The social media site that allows users to design digital bulletin boards pins concrete diversity hiring goals to its "By 2016" page.
by Kellye Whitney
August 3, 2015
Lackluster diversity discussions in the tech industry are par for the course, unfortunately. Many of the big companies talk a reasonably good game — rather, they talk — but few have put real teeth behind their stated intentions.
Pinterest, however, announced late last week exactly what it hopes to achieve in diversity for 2016.
Women currently account for two-thirds of the company’s business team, but their numbers aren’t as great in tech and engineering positions, composing 21 percent and 19 percent of those jobs, respectively. The company’s women in leadership numbers actually fell from 19 percent last year to its current 16 percent.

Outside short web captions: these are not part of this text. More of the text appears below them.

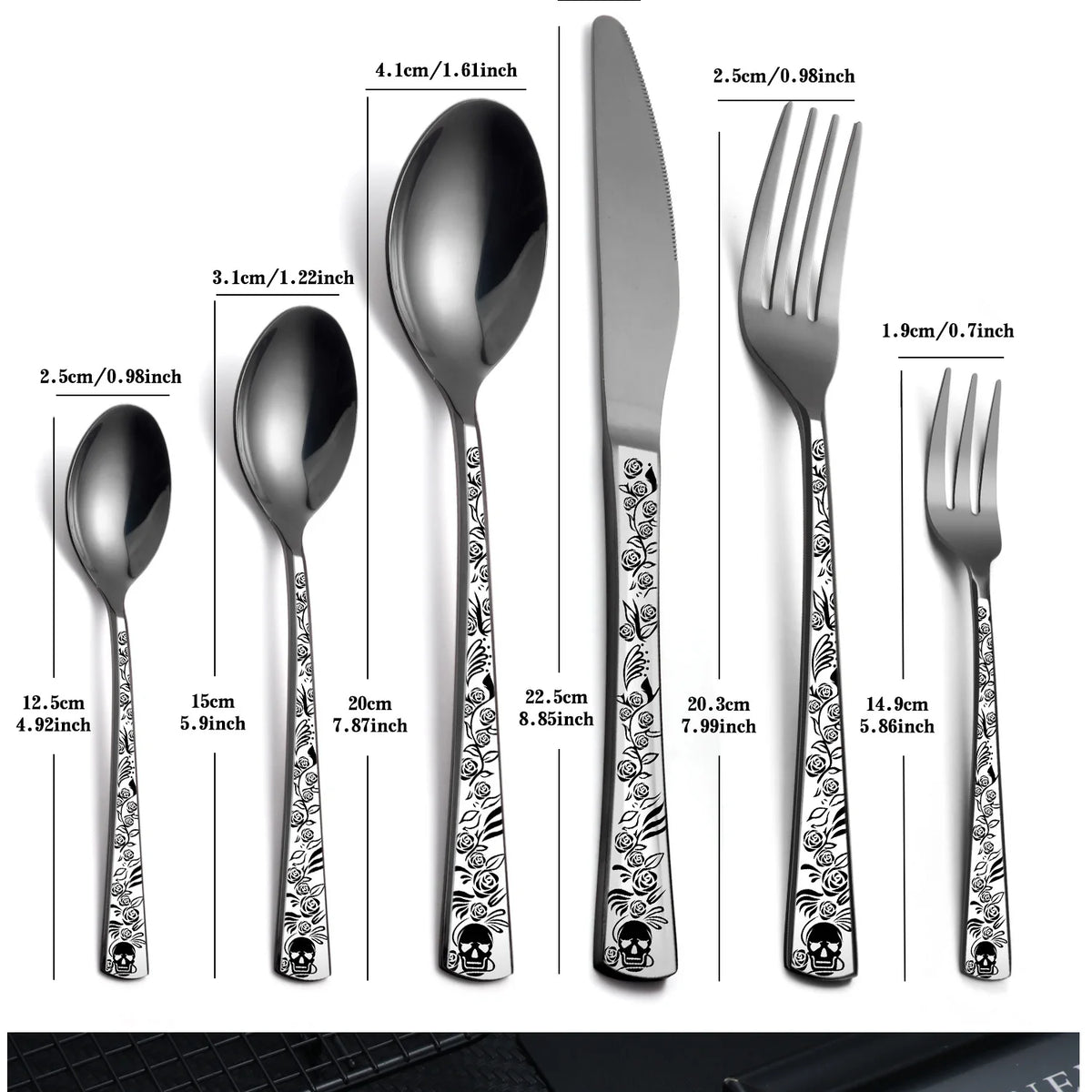 A set of stainless steel cutlery featuring a skull pattern on the handles, including a spoon, fork, and knife.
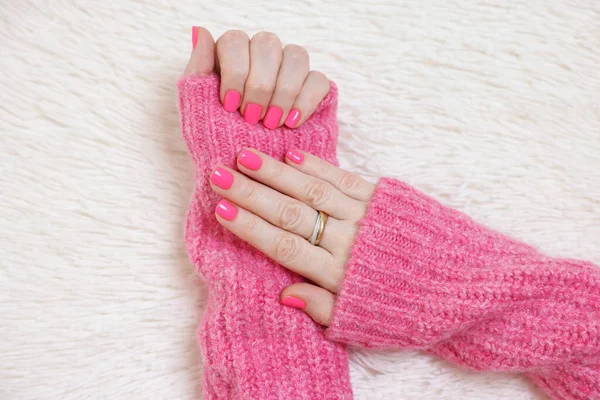 Woman showing her manicured hands with pink nail polish on faux fur mat, top view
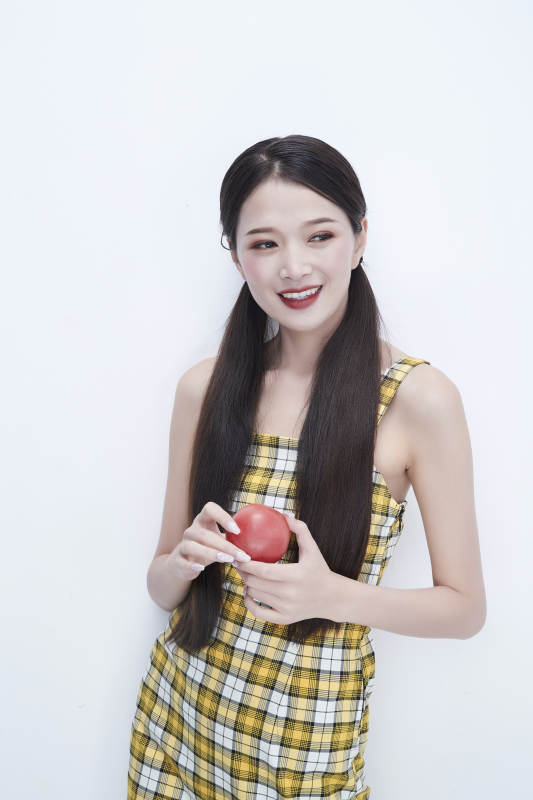 啃咬番茄身穿格子吊带裙的亚洲可爱少女人像图片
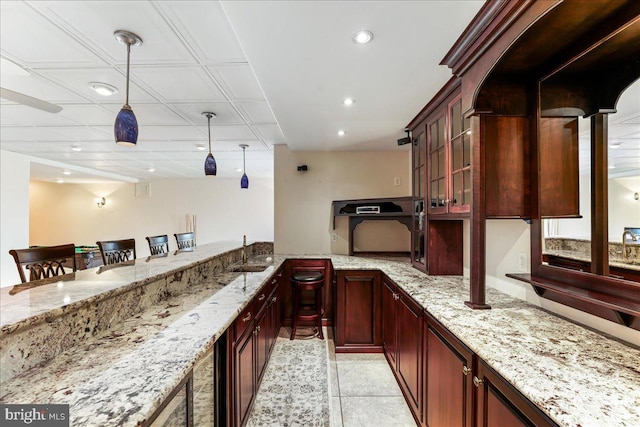 bar featuring light tile patterned floors, sink, light stone counters, and pendant lighting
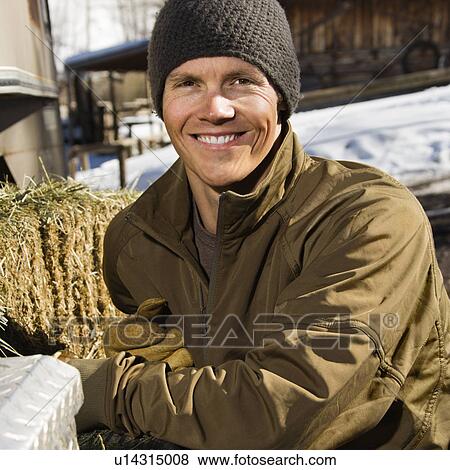 Man outdoors in rural setting smiling View Large Photo Image Stock Photo - Man outdoors in rural setting smiling . Fotosearch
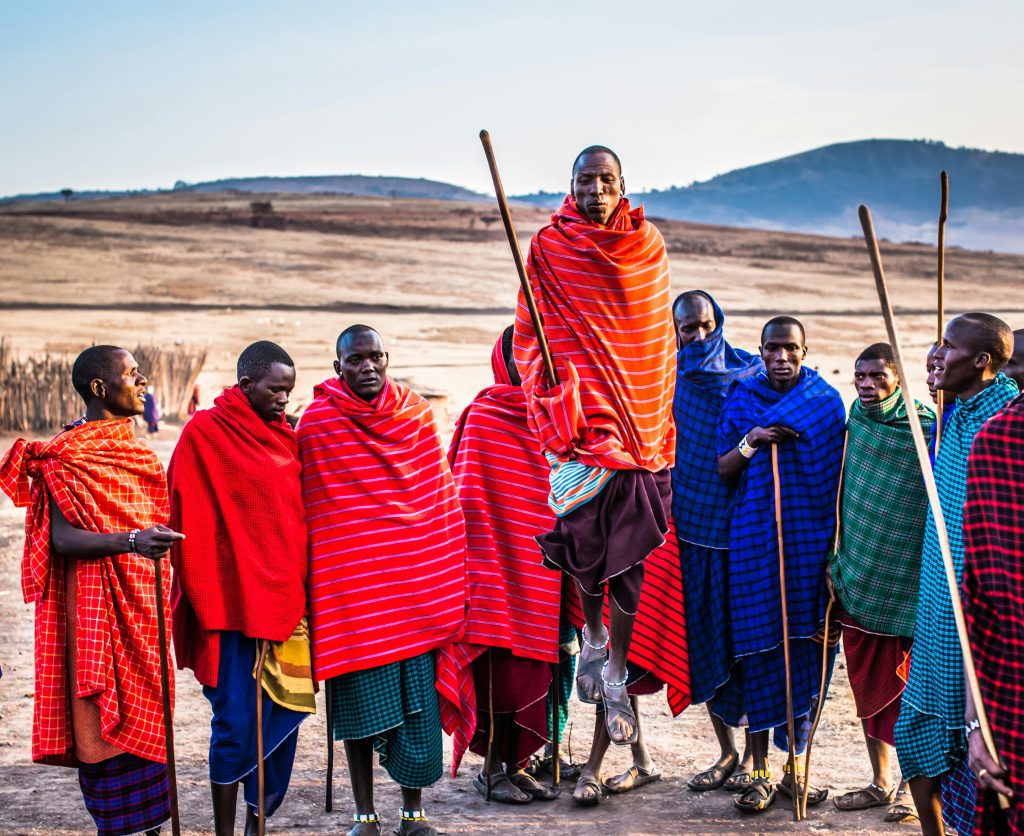 A group of Maasai men in vibrant traditional attire performing a cultural jumping dance outdoors.
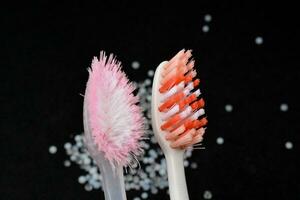 Compare new and old toothbrushes. that is still used every day, black background photo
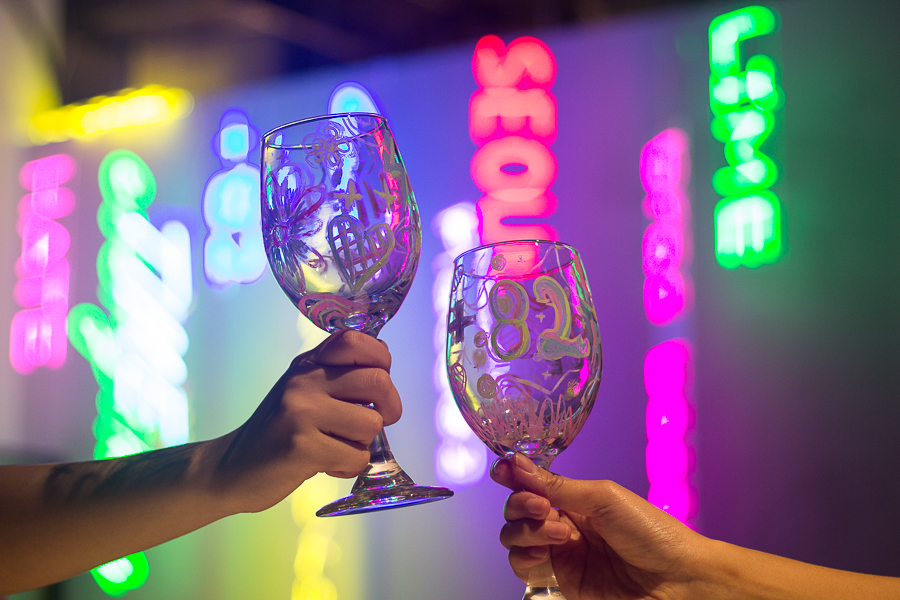 Self decorated wine glasses with neon signs at the back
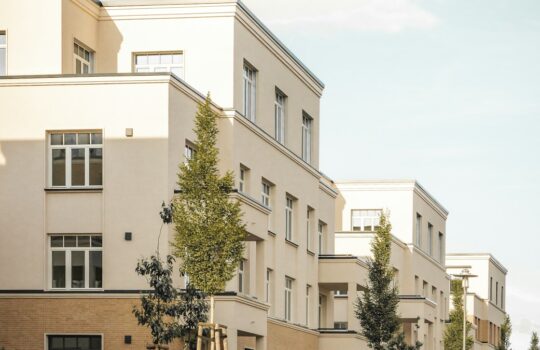 A row of apartment buildings sitting next to each other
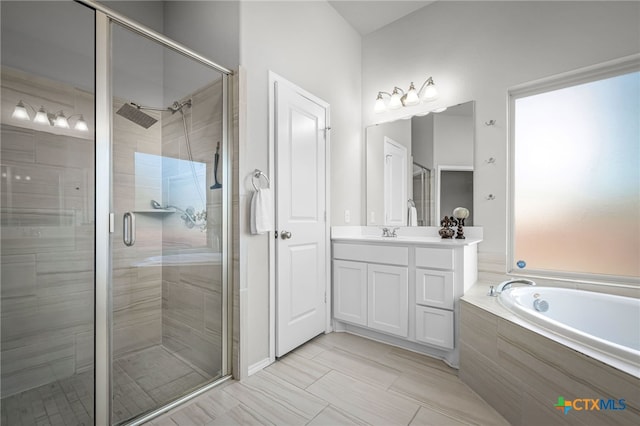 full bathroom with a stall shower, vanity, and a bath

With a user base that is some 80 percent female, it’s not surprising the company hopes to do better, not just in promoting gender equity but also for other minority groups as well. White employees make up more than half of the company’s staff, Asians account for 43 percent, Latinos account for 2 percent and black employees just 1 percent.
But Pinterest has done what few companies dared: The company not only publicly announced its hiring goals but also attached concrete numbers to them. In a blog post about their diversity efforts, Pinterest co-founder Evan Sharp said:
“Now that companies are regularly reporting their data, it’s clear not a lot of progress has been made,” Sharp wrote in the blog post. “We think one reason it’s been so hard to get numbers to change is that companies haven’t stated specific goals.”
Score one for transparency, two for admitting things need to change and three for advocating specificity. For instance, Pinterest statedit wants to increase its hiring rate for women in engineering positions to 30 percent and raise underrepresented people of color to 8 percent. To do so, the company will implement the Rooney Rule, which the National Football League started in 2003. The Rooney Rule requires at least one underrepresented minority and one female candidate be considered for each leadership opening.
The company also stated its intention to work with external groups to improve diversity, implement employee training to prevent unconscious bias, and recruit from a bigger pool of schools.
Considering the difficulties women face in STEM — science, technology, engineering and math — careers, Pinterest’s plans are encouraging. Clear goals — we will bring non-engineering new hires up to 12 percent underrepresented ethnic minorities — often mean the difference between platitudes like “We have a long way to go, but we’re making progress” and real change.
When organizations set clear goals and express the necessary steps to achieve those goals, accountability usually follows. I’d really have been knocked off my feet if the company said what would happen to its current leadership team if they didn’t meet the desire goals. But I’ll take what I can get.
I hope in 2016 we’re holding Pinterest up as an example of what tech companies can achieve when they put pin some numbers to their diversity intentions, and that other companies are following suit.